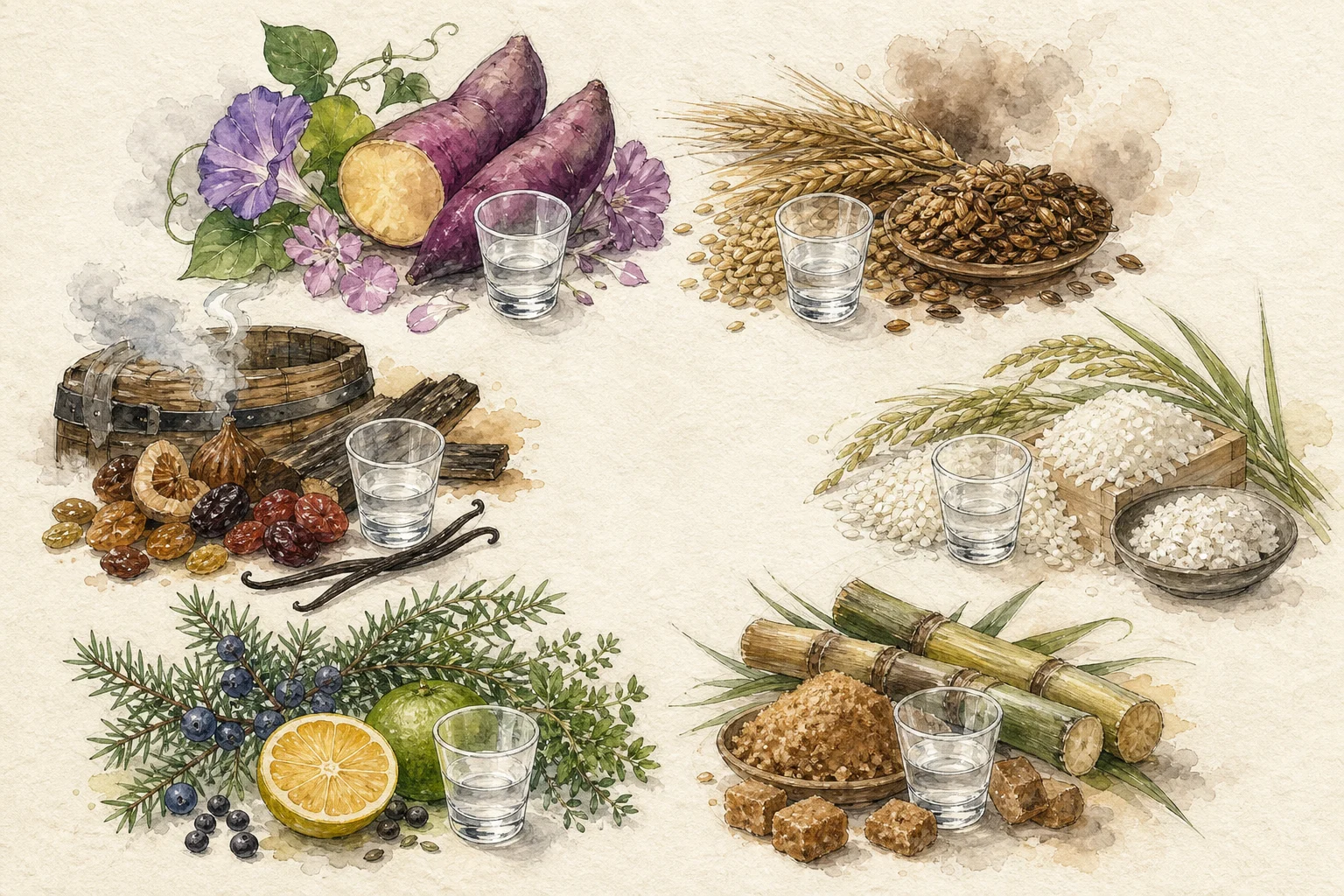Illustrated guide to shochu, spirits, and food pairing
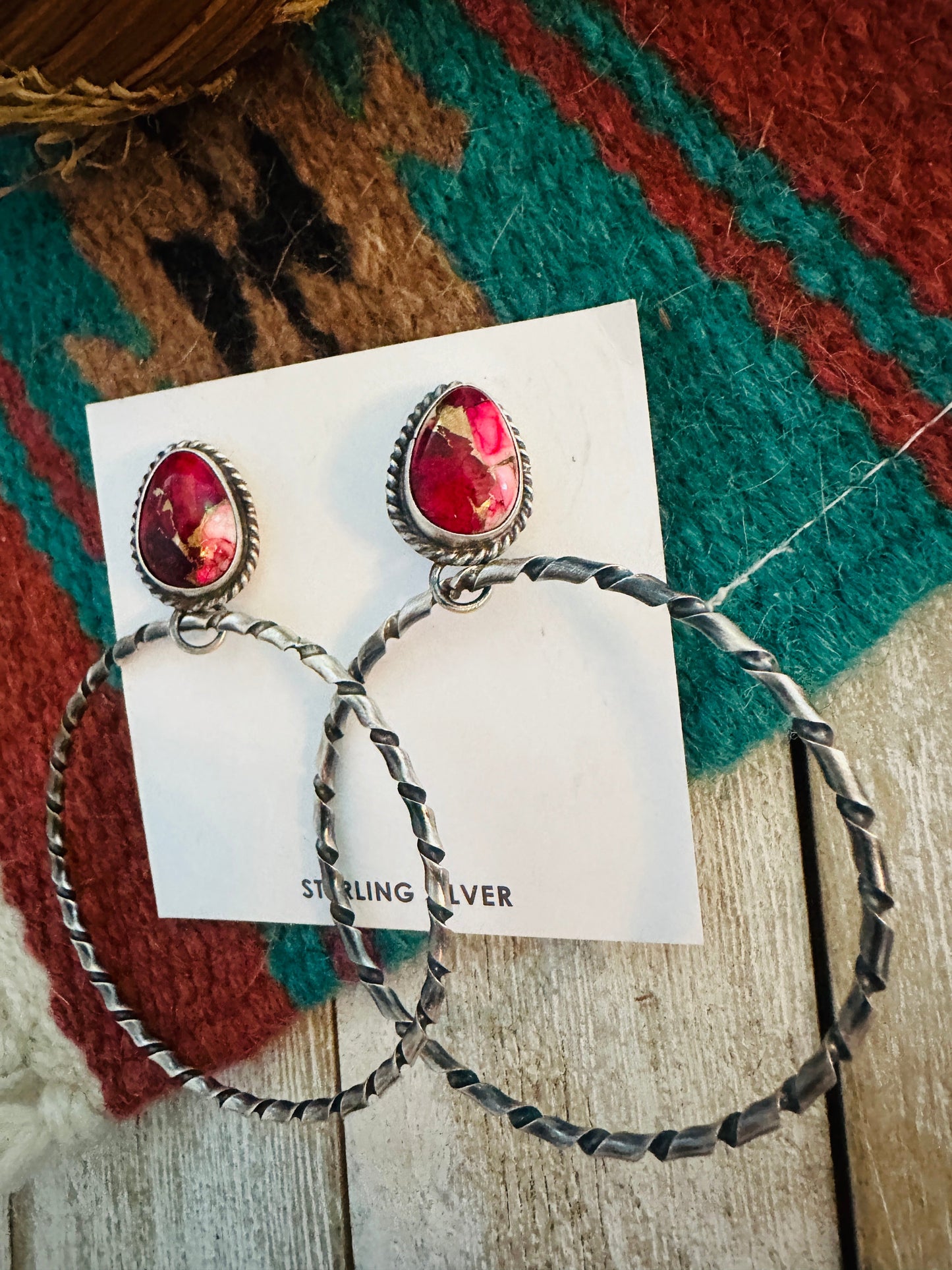 Handcrafted Rose Dahlia and Sterling Silver Dangle Hoop Earrings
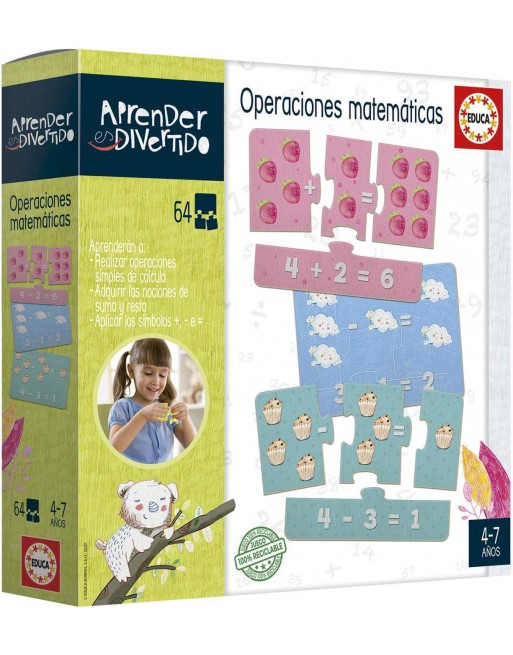 EDUCA JUEGO EN FORMA DE PUZZLE 64 PIEZAS QUE FORMAN 16 ENCAJABLES A PARTIR DE 4 AÑOS MATEMATICAS 18699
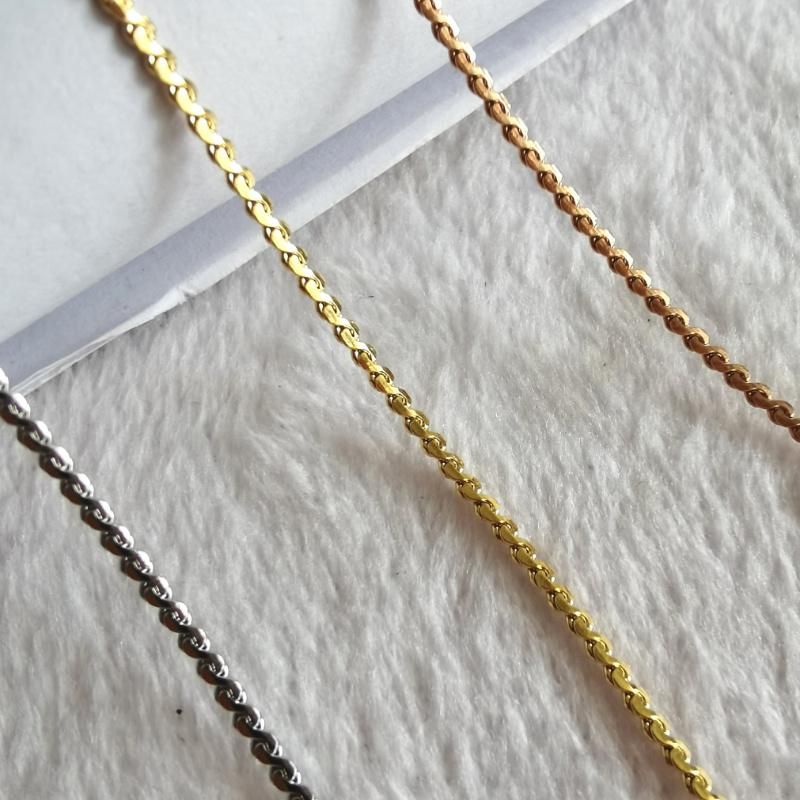 Gold/Rose Gold/Silver Color Stainless Steel Jewelry Chapado En Oro De 18 Quilates 316 L Stainless Steel S Chain Necklace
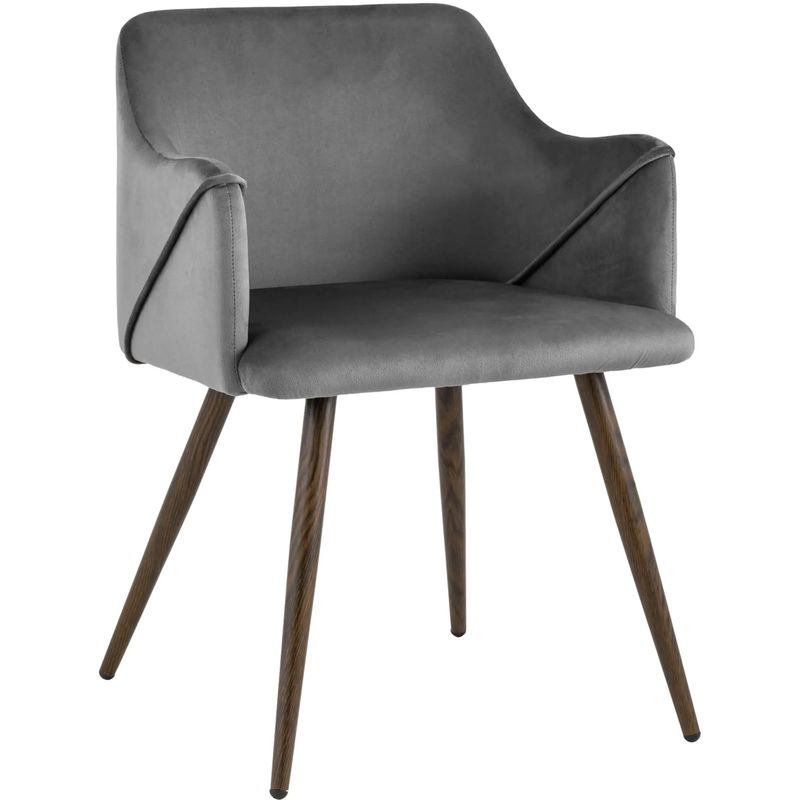 Стул Monarch Chair Серый Велюр Серый Коричневый Стул Monarch Chair Серый Велюр Серый Коричневый в Орле | Loft Concept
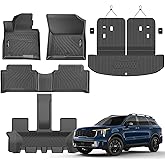 Floor Mats Custom Fit for Kia Sorento 2021-2025 2026 6&7 Seats (Not for Hybrid) Trunk Mat with Backrest Mat All Weather TPE Rubber Cargo Liner Back Seat Protector Full Set for Sorento Accessories
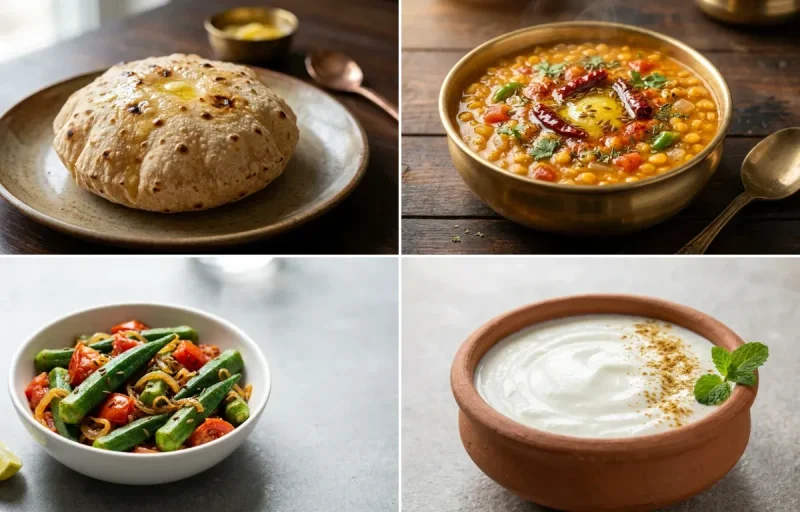 Phulka with Chana Dal with Bhindi Tomato Sabzi with Dahi
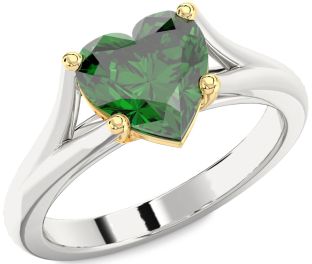 Emerald Silver & 10K gold Heart Solitaire Engagement Ring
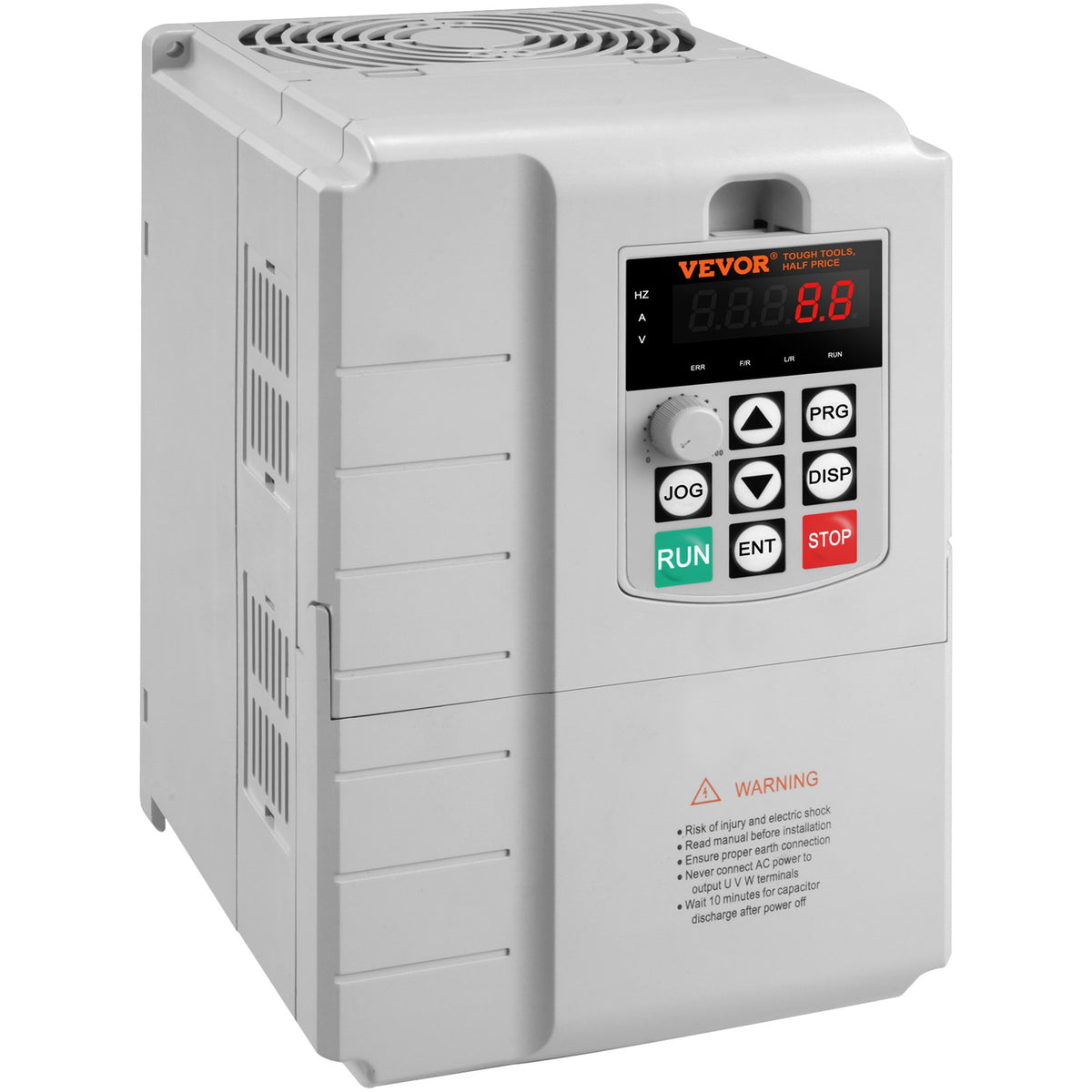 VEVOR frekvences pārveidotājs 7,5 kW 34 A ar 220–240 V vienfāzes ieeju uz 220–240 V trīsfāžu izeju, CNC invertors motora ātruma kontrolei - ZEMLETES.LV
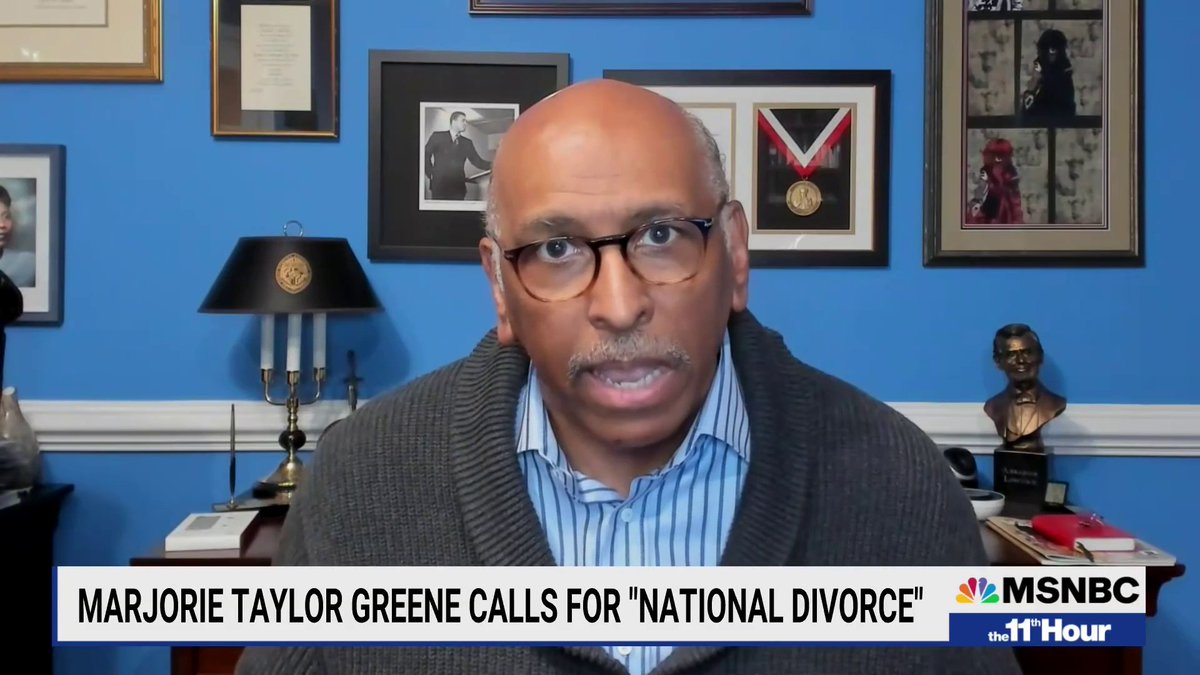.Michael Steele on Marjorie Taylor Greene's comments about a national divorce: "She has no clue what the hell she's talking about... This is the kind of crazy that requires a lot of heavy thinking because she isn't."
============
▸ **TASK PROMPT**
Quote every record above exactly, leaving out the pictures.

▸ **COMPLETED EXERCISE**
Illustrated guide to shochu, spirits, and food pairing
 Handcrafted Rose Dahlia and Sterling Silver Dangle Hoop Earrings
 EDUCA JUEGO EN FORMA DE PUZZLE 64 PIEZAS QUE FORMAN 16 ENCAJABLES A PARTIR DE 4 AÑOS MATEMATICAS 18699
 Gold/Rose Gold/Silver Color Stainless Steel Jewelry Chapado En Oro De 18 Quilates 316 L Stainless Steel S Chain Necklace
 Стул Monarch Chair Серый Велюр Серый Коричневый Стул Monarch Chair Серый Велюр Серый Коричневый в Орле | Loft Concept
 Floor Mats Custom Fit for Kia Sorento 2021-2025 2026 6&7 Seats (Not for Hybrid) Trunk Mat with Backrest Mat All Weather TPE Rubber Cargo Liner Back Seat Protector Full Set for Sorento Accessories
 Phulka with Chana Dal with Bhindi Tomato Sabzi with Dahi
 Emerald Silver & 10K gold Heart Solitaire Engagement Ring
 VEVOR frekvences pārveidotājs 7,5 kW 34 A ar 220–240 V vienfāzes ieeju uz 220–240 V trīsfāžu izeju, CNC invertors motora ātruma kontrolei - ZEMLETES.LV
.Michael Steele on Marjorie Taylor Greene's comments about a national divorce: "She has no clue what the hell she's talking about... This is the kind of crazy that requires a lot of heavy thinking because she isn't."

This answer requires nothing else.